Winning omens are there

Published : Oct 14, 2010 00:00 IST

Ryan Sidebottom... goodbye to international cricket.-AP
Ryan Sidebottom... goodbye to international cricket.-AP

Ryan Sidebottom... goodbye to international cricket.-AP

It is time for a change at the top of the international cricket league and why not now, asks Ted Corbett.

At the end of a summer of six series, all won by England, of 10,000 media-inspired storms all a loss to cricket's good name; when the game still could not decide if it wanted hi-tech aid for the umpires or was happy to bumble along in the same old way; and, sadly, to a constant rumbling of discontent on all sides, only one question remains to be settled.

Can Andy and Andrew — Flower the glum coach and Strauss the ever-smiling captain — lead the 16-man squad to a victory Down Under so convincingly that by the time the World Cup begins in India the rest of the world is willing to acknowledge the long Australia reign is at an end?

The winning omens are there, the players claim they are united and they proved in the most acrimonious series that they can ignore all the nastiness flying around them to succeed both by wide margins and in the manner of champions.

That was in the gentle north-west European climate; Australia, the wide baked land, is different.

In the mind of many England cricketers a visit to broiling Australia is akin to a trip to Hades where every man's hand is against you; where the foes are all a foot taller, where the ball screams down the pitch from Aussie hands at the speed of light and rushes off an Australian bat to the boundary as fast as a super car.

Once in Oz, the first “G'day”, the opening wisecrack from a Customs man or taxi driver — “Do you guys reckon you can escape defeat in any of the five Tests?” — and the sight of Merv Hughes among the welcome party has been known to double the apprehension.

I have yet to see a member of the tour party turn round and run back towards the aircraft but I remember one young batsman trembling from head to foot just before his first — brief — innings on Australian soil.

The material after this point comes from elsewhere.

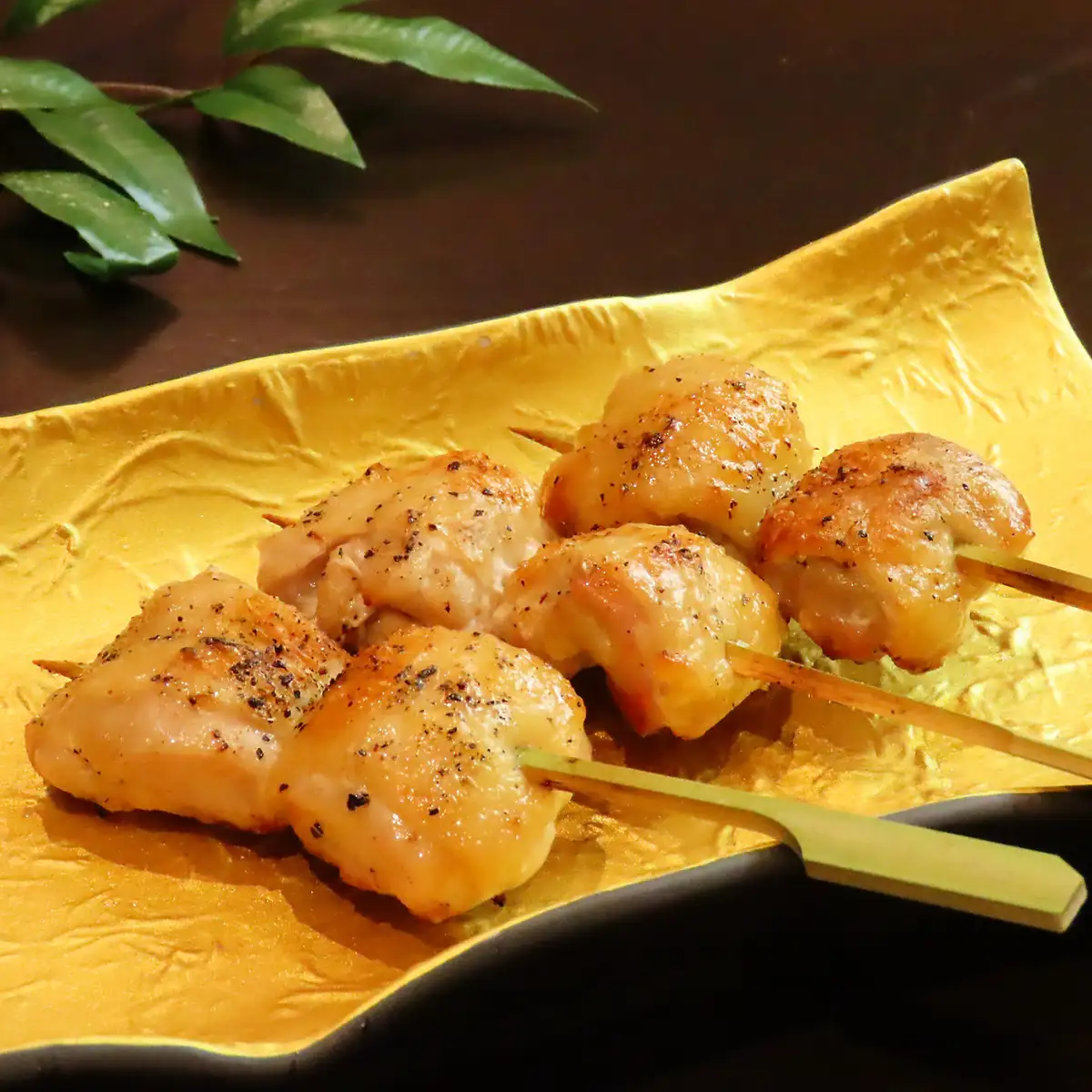絶品焼き鳥に、新鮮野菜を豚バラで巻いた博多名物串焼き!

“Take it easy,” I said. “It's only Queensland Country XI.” He was too apprehensive to reply.

Two factors have changed. The old fashioned idea that tourists spread the game by playing in the Outback — on one occasion I had the honour to be violently sick as I left the tiny aircraft in remote South Australia at precisely the same moment as the England captain — is now considered as old-fashioned as batting without pads.

However, the England players seem to be built of steel rather than cardboard. Oh, don't worry, they still bleed if they are struck on the head by a Kookaburra but behind the bruise is a brain trained for battle.

You had to be a toughie to survive this summer, believe me.

What the most jingoistic English cricket writers forgot in their determination to damn Pakistan as double-dyed villains was that they are among the most talented cricketers in the universe.

It took considerable skill to keep them at bay and to do so with Kevin Pietersen out of sorts and finally out of the team, Ryan Sidebottom on the wrong side of a superb career and trouble identifying the right wicket-keeper from Matt Prior, Craig Kieswetter, James Foster and Stephen Davies showed just what a talented bunch represent England now.

There is a fault in the England team — the captain.

I reckon Strauss will receive a medal before he retires for his handling of the troubles that arose when a newspaper produced enough evidence to make the police investigate the bribery and corruption case.

Strauss is not a man who panics easily, he is patently honest and his ability to find the right words at the right time kept the lid on the problem.

His bucket loads of diplomacy cannot disguise the fact that tactically he is not even a lesser Michael Vaughan and when an unusual problem arises he often has to head for the pavilion.

You may have thought he was off to the Gents or to text his wife about his wishes for dinner but it is my guess that each time he walked into the pavilion he had the same question for Flower: “What am I supposed to do next?” He badly needs a living brain like Vaughan, Ashley Giles or Mike Brearley; instead he has to rely on his fellow born-in-South-Africa batsmen or another dash to the pavilion. It is a weakness but Strauss is not a stupid man and he will learn. Let us hope it is soon.

Otherwise England will have to rely on the dynamo that is Stuart Broad on pitches built for his athletic fast bowling, the cussedness that is Jonathon Trott at the crease — or the Lord's nets — and Graeme Swann, who threatens to out-bowl old timers like Jim Laker with nothing more than an off-break and a straight ball. He has no leg-to-off ball, only a few changes of pace and flight and don't even talk about a doosra. The very simplicity of his off-spin may be enough for a weaker Aussie team than we have seen since Mike Gatting's mighty pros won in 1986-87 and reduced Allan Border to full-time grumbling in the process.

Let's hope so anyway. It is time for a change at the top of the international cricket league and why not now?